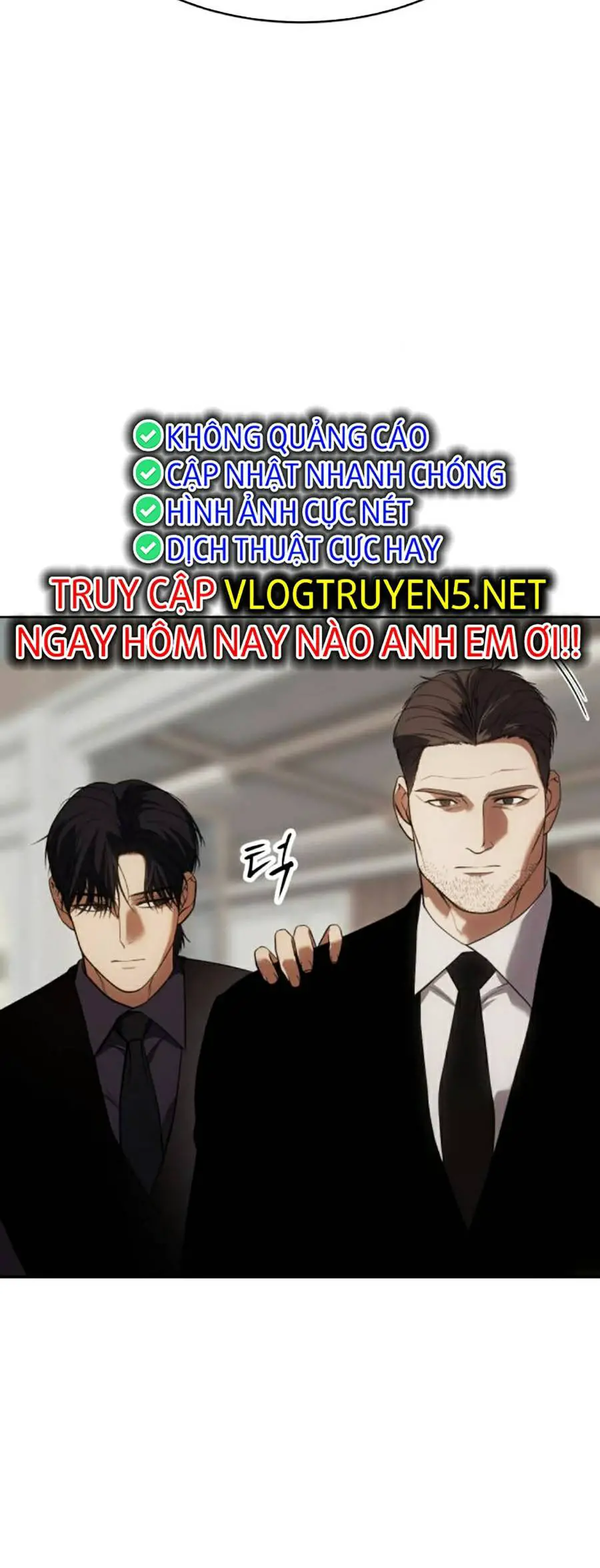 Đặc Vụ Thế Thân Nettruyen ZZZ Chương 36 Page 498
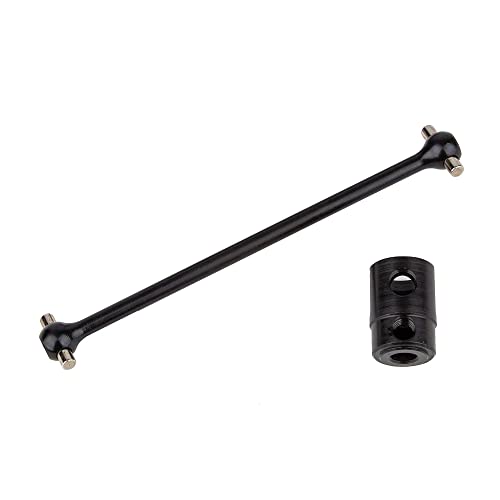 Team Associated RC8B4 Center Dogbone Set, 86,5 mm, ASC81564 Team Associated RC8B4 Center Dogbone Set, 86,5 mm, ASC81564 von Team Associated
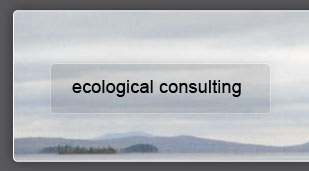 ecological consulting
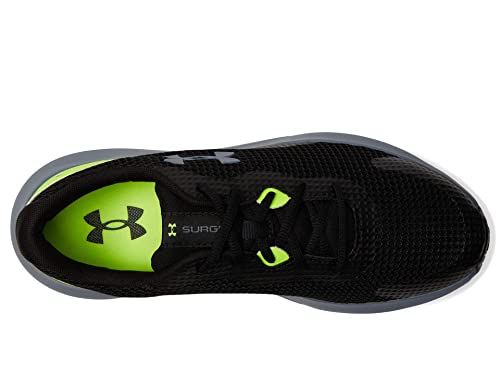 Image of Under Armour Men's Surge 3 Running Shoe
-.-.-
» Your objective
Retype the data exactly as it stands, but keep the images out of your copy.

» Solution to the problem
 Đặc Vụ Thế Thân Nettruyen ZZZ Chương 36 Page 498
 Team Associated RC8B4 Center Dogbone Set, 86,5 mm, ASC81564 Team Associated RC8B4 Center Dogbone Set, 86,5 mm, ASC81564 von Team Associated
 ecological consulting
 Image of Under Armour Men's Surge 3 Running Shoe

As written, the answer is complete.